#### [Exercise goal]
Pictures do not belong in the output. Reproduce exactly the lines from the start of the records through the line with "Baskets adidas Swift".
----
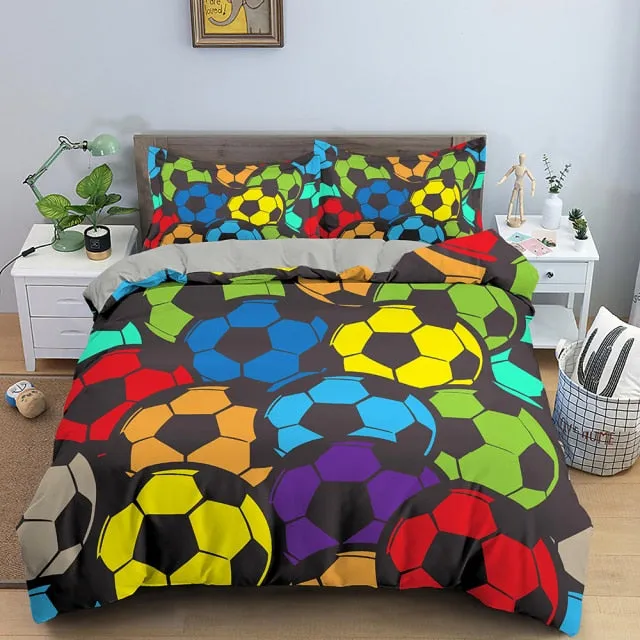 Bedding Set 3D Printing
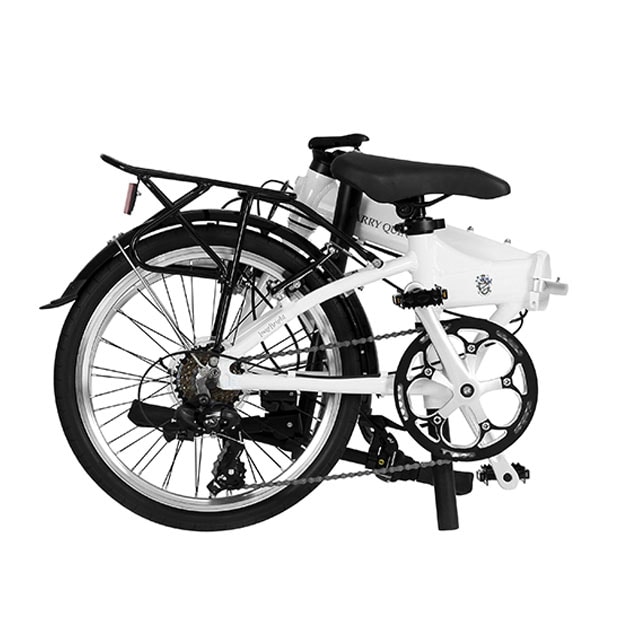 HARRY QUINN AL-FDB207 LONG BRIGHT 20インチ 折りたたみ自転車 -23
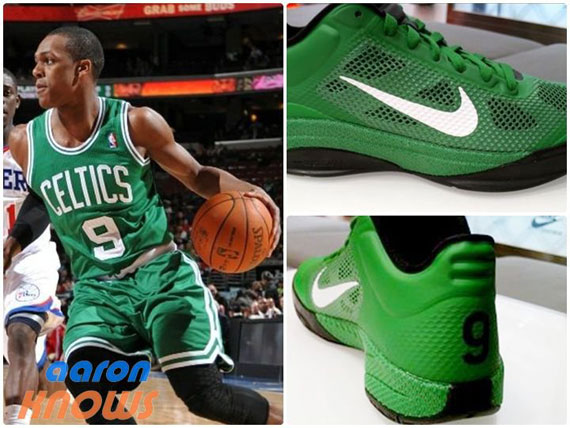 Nike Basketball 2011 Pe Preview Rondo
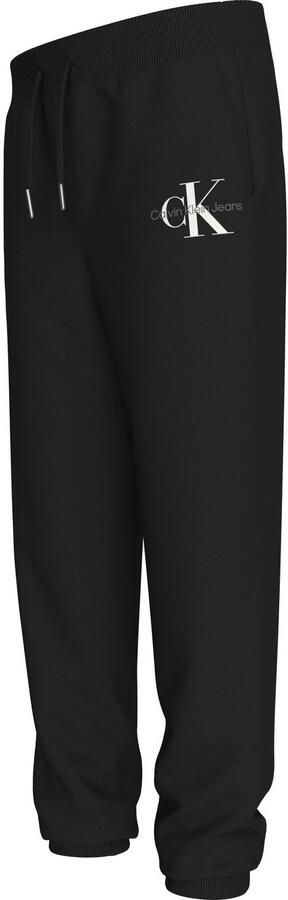 Calvin Klein Sweatbroek MONOGRAM LOGO SWEATPANTS voor kinderen tot 16 jaar - Foto 19
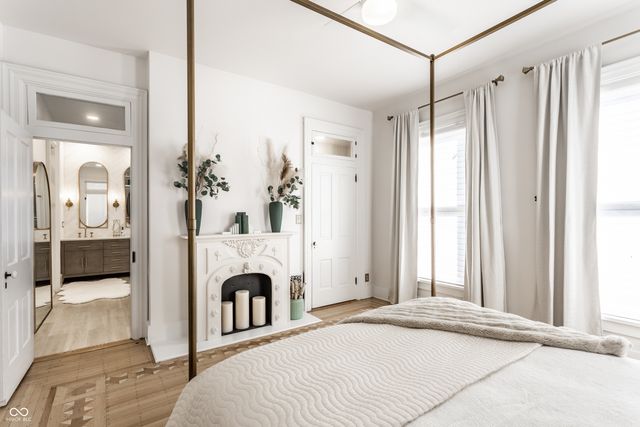 214 E St Joseph Street, Indianapolis, IN 46202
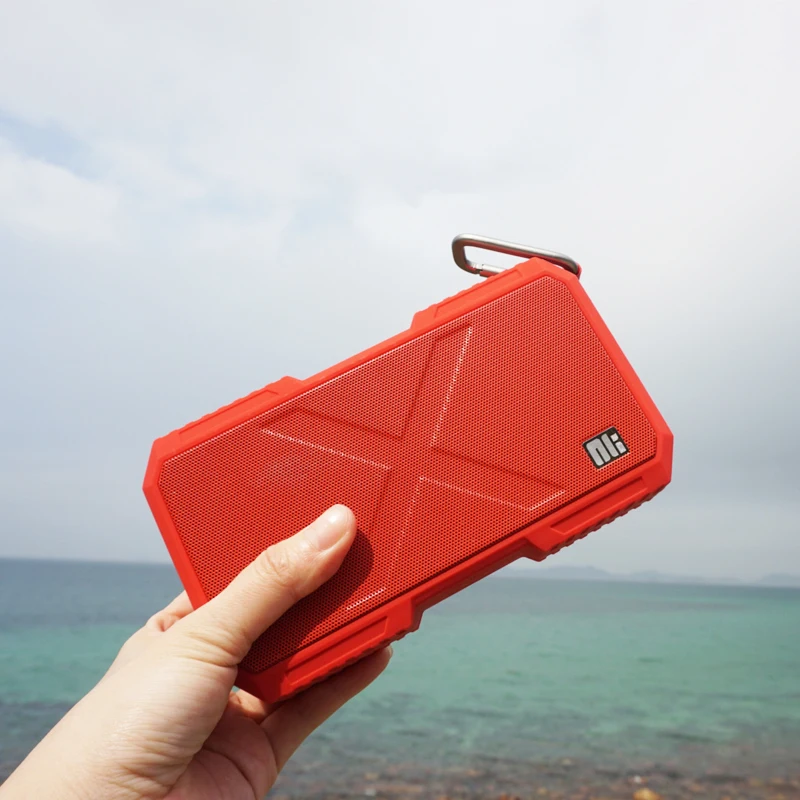 Nillkin X 1 Bluetooth Динамик Power Bank Водонепроницаемая портативная колоночная коробка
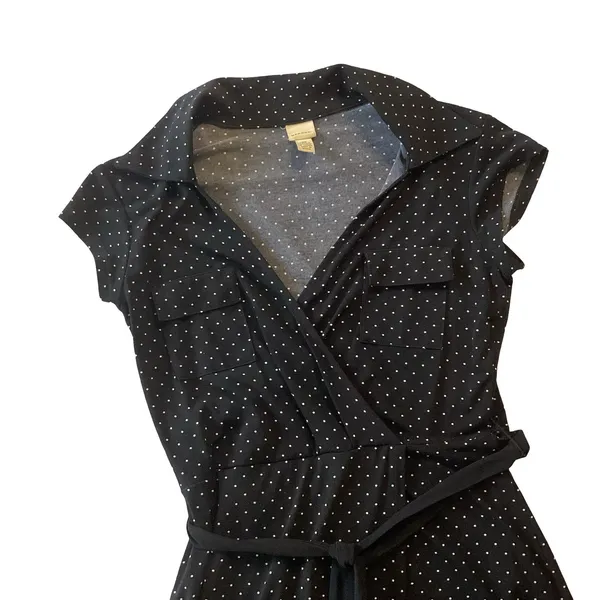 Merona Faux Wrap Summer Dress - Image 5
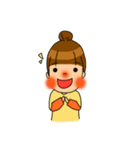 hsuan's daily（個別スタンプ：1）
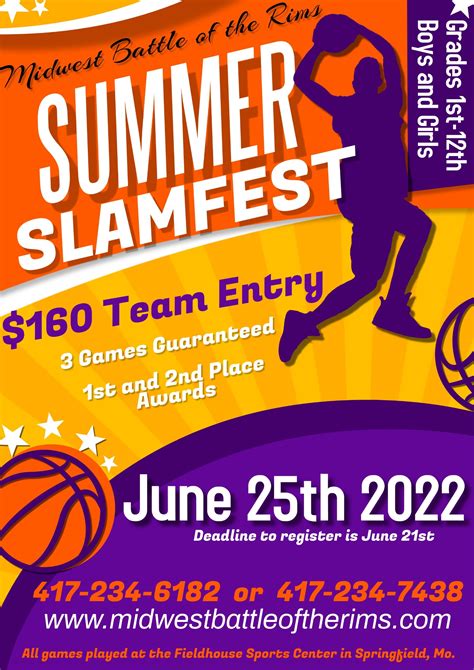 The Fieldhouse | Springfield-Greene County Park Board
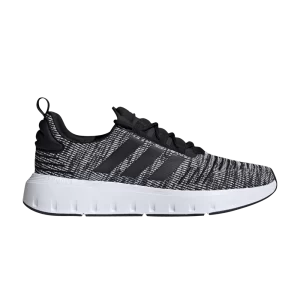 Baskets adidas Swift Run 'Black White' Couleur noire/Couleur noire/Blanc nuage IF1616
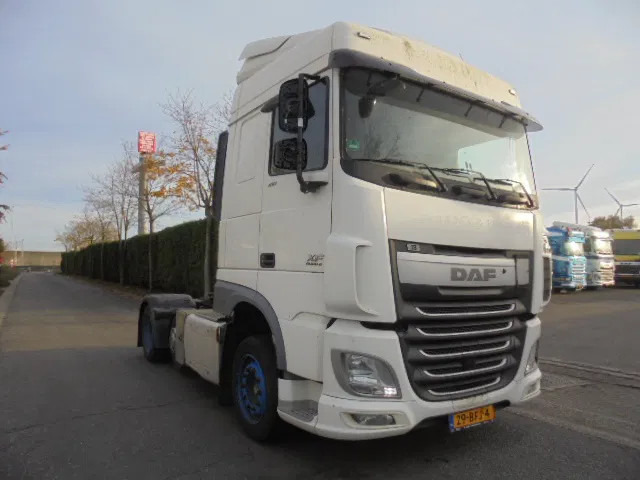 DAF XF 410 6X2 NL TRUCK - Tractor unit: picture 3 DAF XF 410 6X2 NL TRUCK - Tractor unit: picture 3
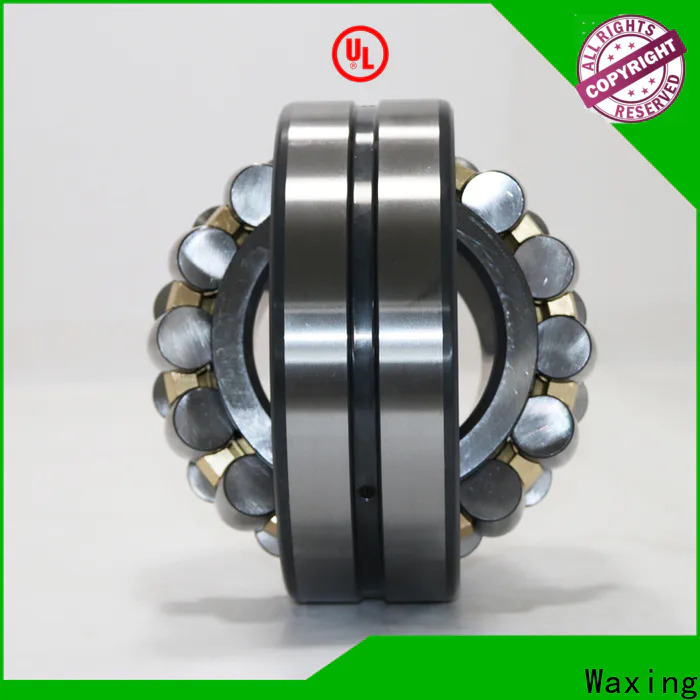 Waxing Wholesale single row spherical roller bearing manufacturer
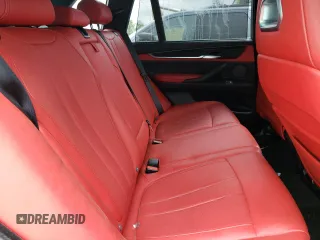 2017 BMW X5 M z VIN 5YMKT6C32H0U39129, wystawiony jako Copart lot #46292492 z przebiegiem Nie podano mil oraz . Historia ofert i sprzedaży dostępna na DreamBid. Obrazek 6.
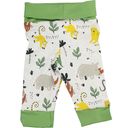 wila Baby Pants - Steppe, Green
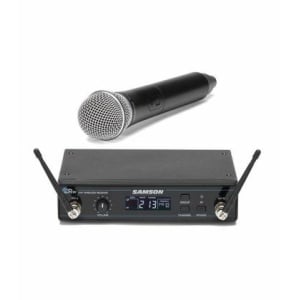 SAMSON CONCERT 99 HANDHELD SYSTEM C/Q8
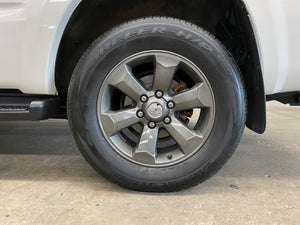 2008 Toyota 4Runner Limited 4.7L 4WD
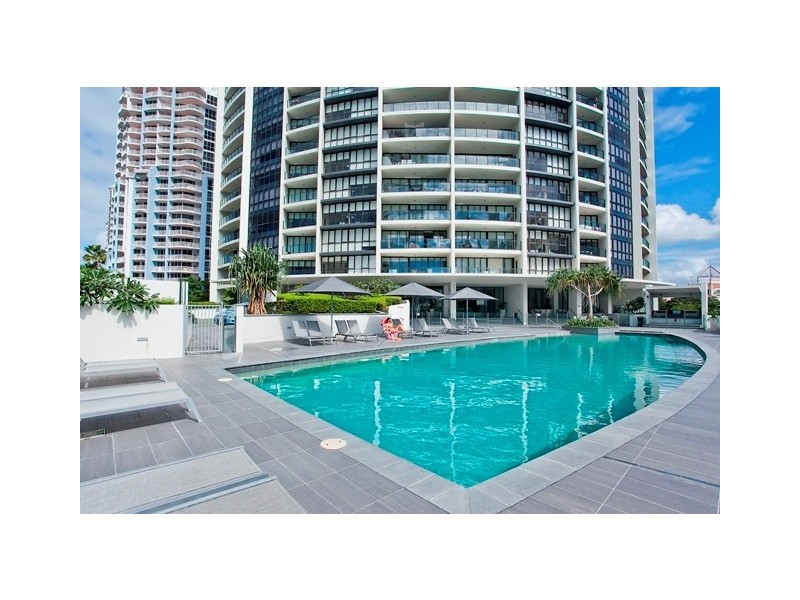 709 ‘Sierra Grand’ 22 Surf Parade, Broadbeach QLD 4218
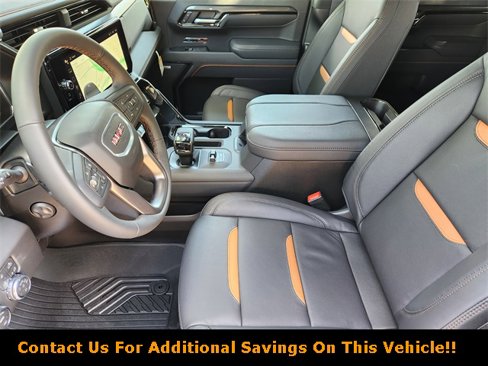 New 2026 GMC Sierra 1500 AT4 w/ AT4 Premium Package image 9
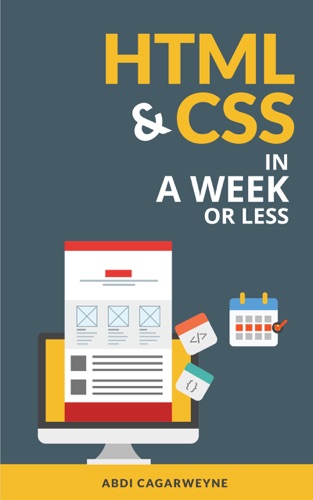 HTML CSS In A Week Or Less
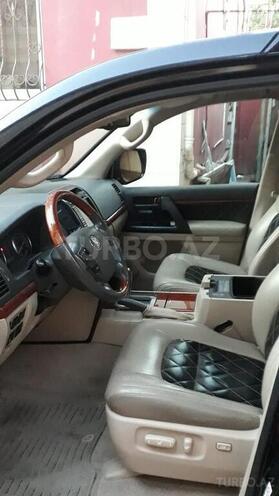 Toyota Land Cruiser 2013, 85,555 km - 4.0 l - Bakı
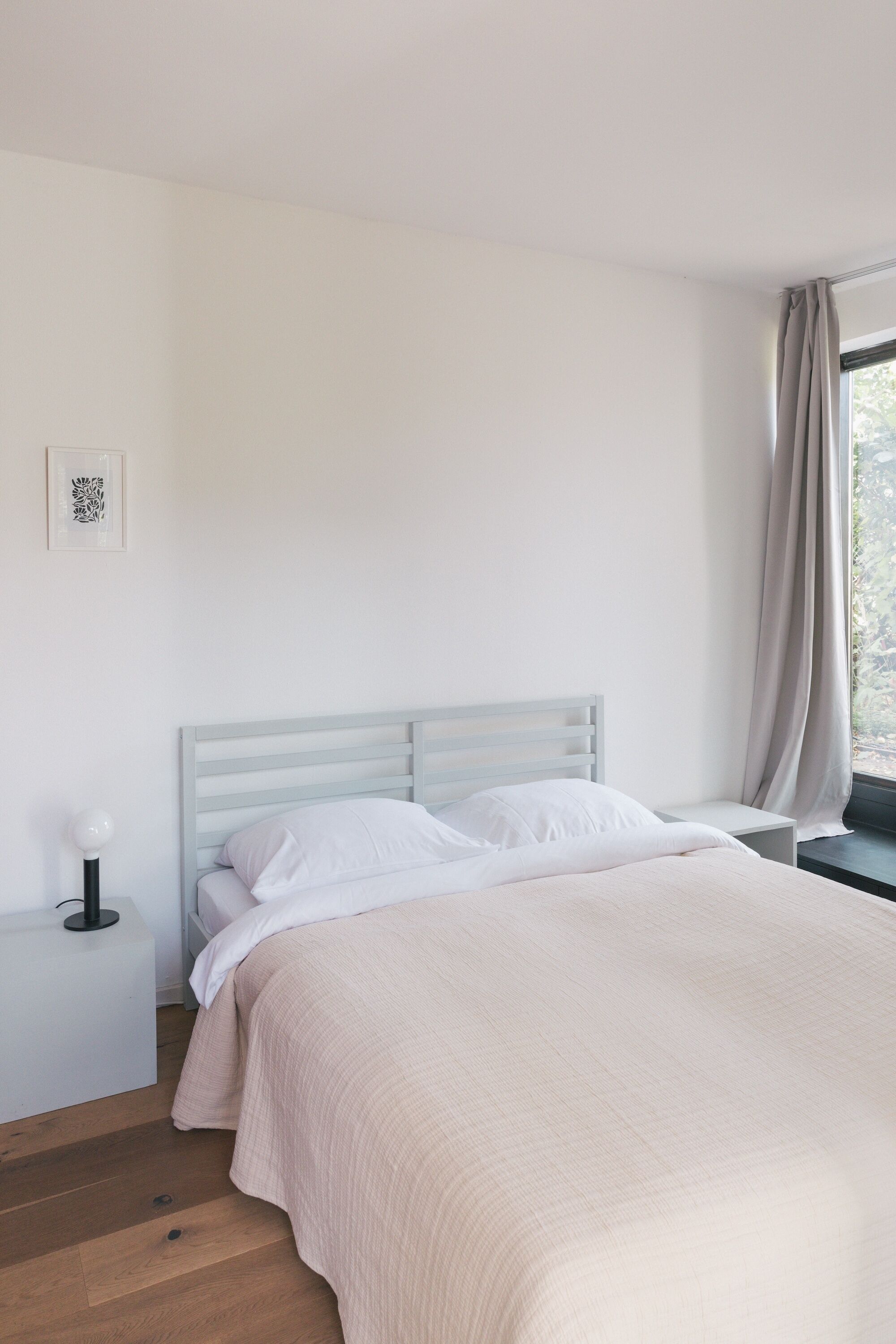 2 Schlafzimmer, WLAN, Bettwäsche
----
#### [Task response]
 Bedding Set 3D Printing
 HARRY QUINN AL-FDB207 LONG BRIGHT 20インチ 折りたたみ自転車 -23
 Nike Basketball 2011 Pe Preview Rondo
 Calvin Klein Sweatbroek MONOGRAM LOGO SWEATPANTS voor kinderen tot 16 jaar - Foto 19
 214 E St Joseph Street, Indianapolis, IN 46202
 Nillkin X 1 Bluetooth Динамик Power Bank Водонепроницаемая портативная колоночная коробка
 Merona Faux Wrap Summer Dress - Image 5
 hsuan's daily（個別スタンプ：1）
 The Fieldhouse | Springfield-Greene County Park Board
 Baskets adidas Swift Run 'Black White' Couleur noire/Couleur noire/Blanc nuage IF1616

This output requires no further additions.